[ARVADOS] created: 1.3.0-819-gb6a55c243
Git user
git at public.curoverse.com
Wed Apr 24 19:23:32 UTC 2019
at b6a55c2430033ee1a17b2266b529b425e641d19f (commit)
commit b6a55c2430033ee1a17b2266b529b425e641d19f
Author: Tom Clegg <tclegg at veritasgenetics.com>
Date: Wed Apr 24 15:22:44 2019 -0400
15112: Add config option to save list of lost blocks to a file.

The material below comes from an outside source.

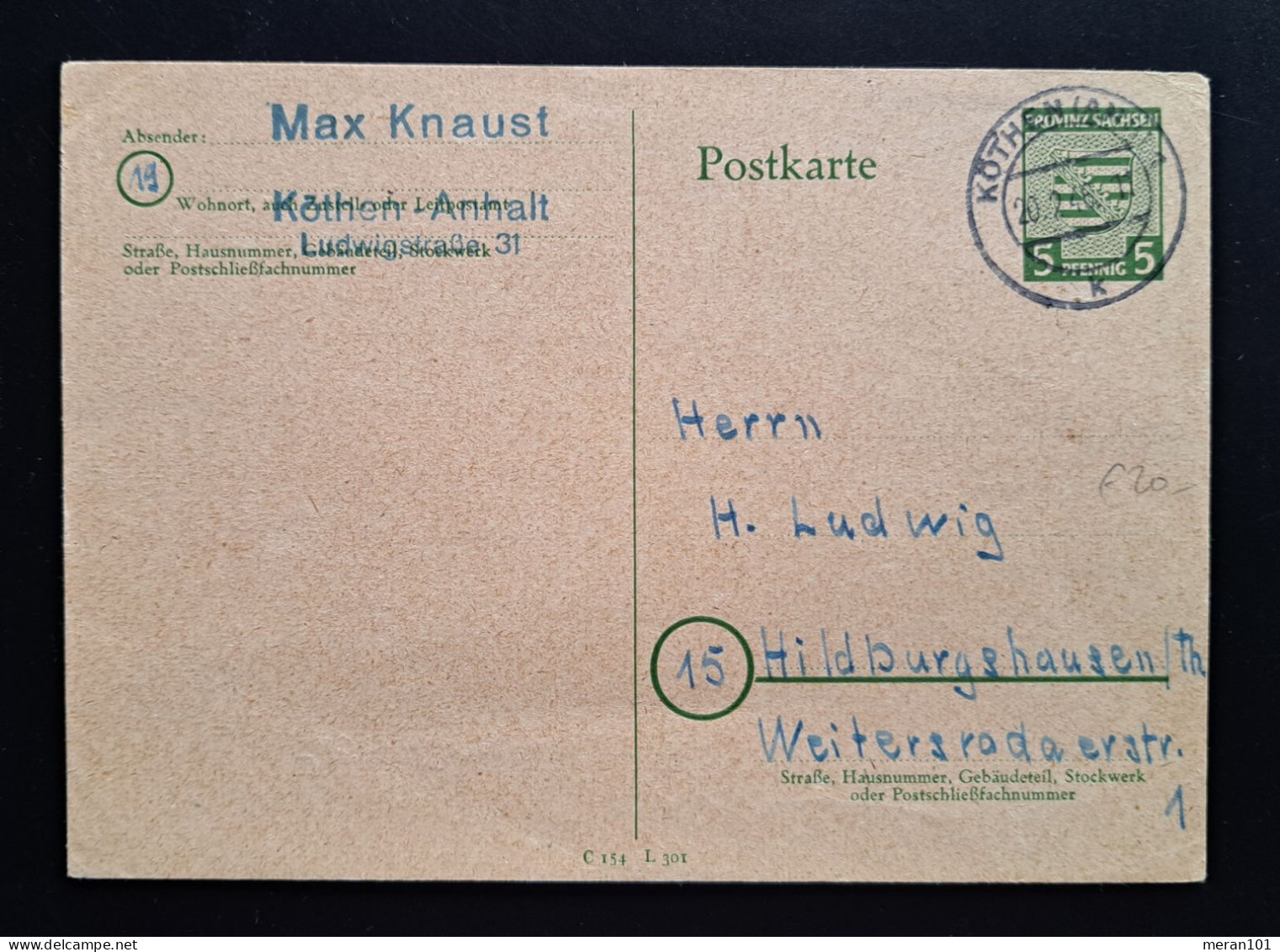 Sachsen 1946, Postkarte P9 Köthen-Anhalt - Briefe U. Dokumente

Arvados-DCO-1.1-Signed-off-by: Tom Clegg <tclegg at veritasgenetics.com>
diff --git a/doc/install/install-keep-balance.html.textile.liquid b/doc/install/install-keep-balance.html.textile.liquid
index 68bf07a4a..4a35f448e 100644
--- a/doc/install/install-keep-balance.html.textile.liquid
+++ b/doc/install/install-keep-balance.html.textile.liquid
@@ -81,11 +81,11 @@ Client:
AuthToken: zzzzzzzzzzzzzzzzzzzzzzzzzzzzzzzzzzzzzzzzzzzzzzzzzz
KeepServiceTypes:
- disk
-Listen: :9005
ManagementToken: <span class="userinput">xyzzy</span>
RunPeriod: 10m
CollectionBatchSize: 100000
CollectionBuffers: 1000
+LostBlocksFile: /tmp/keep-balance-lost-blocks.txt # If given, this file will be updated atomically during each successful run.
</code></pre>
</notextile>
diff --git a/services/keep-balance/balance.go b/services/keep-balance/balance.go
index fd39ee693..bd3152fd8 100644
--- a/services/keep-balance/balance.go
+++ b/services/keep-balance/balance.go
@@ -8,12 +8,16 @@ import (
"bytes"
"crypto/md5"
"fmt"
+ "io"
+ "io/ioutil"
"log"
"math"
+ "os"
"runtime"
"sort"
"strings"
"sync"
+ "syscall"
"time"
"git.curoverse.com/arvados.git/sdk/go/arvados"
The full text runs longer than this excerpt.